Op Schiphol moest ik met de nodige spoed naar de boarding gate. Achter de rij wachtenden sloot ik me hijgend aan. Direct kwam er een man in uniform op me af. Of ik wist dat ik slechts één stuk bagage mee mocht nemen? Ik keek naar mijn koffertje, ‘nou, dat ís toch één stuk?’ zei ik. De man wees naar mijn rug. ‘En dat dan?’ vroeg hij. ‘Dat is gewoon een rugzakje met mijn cryptogrammetje enzo’. ‘Nee mevrouw, dat is ook een stuk bagage.’ Hij sommeerde me om me te ontdoen van de rugzak of anders 60 pond bij te betalen. De meeste mensen in de rij voor me hadden zich omgedraaid en keken misprijzend naar mij, slechterik met twee stuks bagage. Met een rood hoofd propte ik de rugzak in mijn toch al niet lege koffer. Ik sloot me weer aan bij de rij, het uitgebuikte stuk bagage aan mijn hand, mij krijgen ze niet zomaar klein. Ik keek de man in uniform triomfantelijk aan. Hij keek naar mijn rug, naar mijn koffer, dacht even na en wees toen naar de meetbak waarmee wordt gemeten of bagage binnen de normen valt. Opnieuw meewarige blikken mijn kant op. Opnieuw een rood hoofd en de koffer paste niet natuurlijk.

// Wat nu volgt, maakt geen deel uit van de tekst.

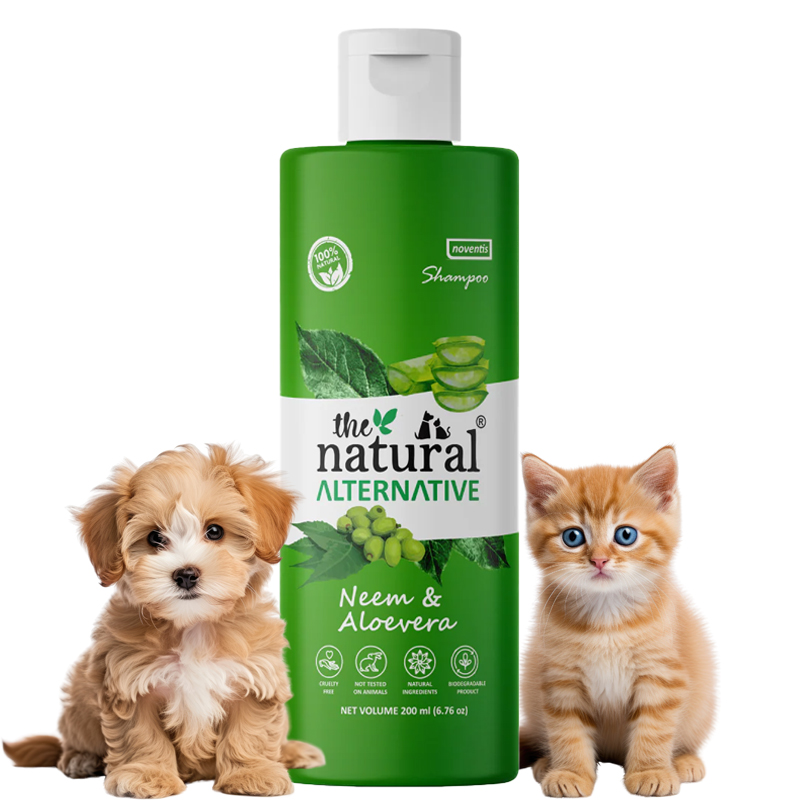 The Natural Alternative Neem & Aloe Vera Dog Shampoo Anti-Tick Herbal Dog Shampoo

Ik schold een beetje maar niet te hard omdat ik bang was dat ik dan zelf ook niet mee zou mogen met het vliegtuig. Ik miste mijn medereizigers van station Almere. 60 pond armer en eenmaal in Engeland volgden nog een kapotte huurauto, verloren mobieltje, te smalle hotelbedden en extreem veel regen. Murphy regeerde met harde hand.
Alles kwam in perspectief door de bezoekjes aan de grootmoeder, vrolijke sterke vrouw, helaas aan bed gebonden in een verpleeghuis. Vriend en ik hebben geweldige uren met haar doorgebracht; herinneringen opgehaald, veel gelachen en rookworst uit Nederland gegeten. Om bij haar kamer te komen moesten we dwars door woonkamers lopen, langs mensen scheefgezakt in rolstoelen, apathisch. De indringende geur van aftakeling was bijna niet te harden voor ons, bezoekers, maar als je daarin woont of werkt gaat het blijkbaar wennen. In de gangen vlekkerige vloerbedekking en krakende smalle trappen. Personeel dat uit alle macht probeert noodzakelijke verzorging te geven maar geen tijd voor meer dan dat. De grootmoeder betaalt voor het verblijf in dit verpleeghuis 3000 pond per maand. Ik dacht waarom denken wij in Nederland zo vaak dat we het slecht hebben? De zorg in Nederland staat onder druk (ik werk zelf als vrijwilligster in een hospice dus weet daar iets van) maar in vergelijking met Engeland en alle andere landen waar ik ooit doorheen reisde, hebben we het zo goed. Dat is een mooie gedachte, of niet dan?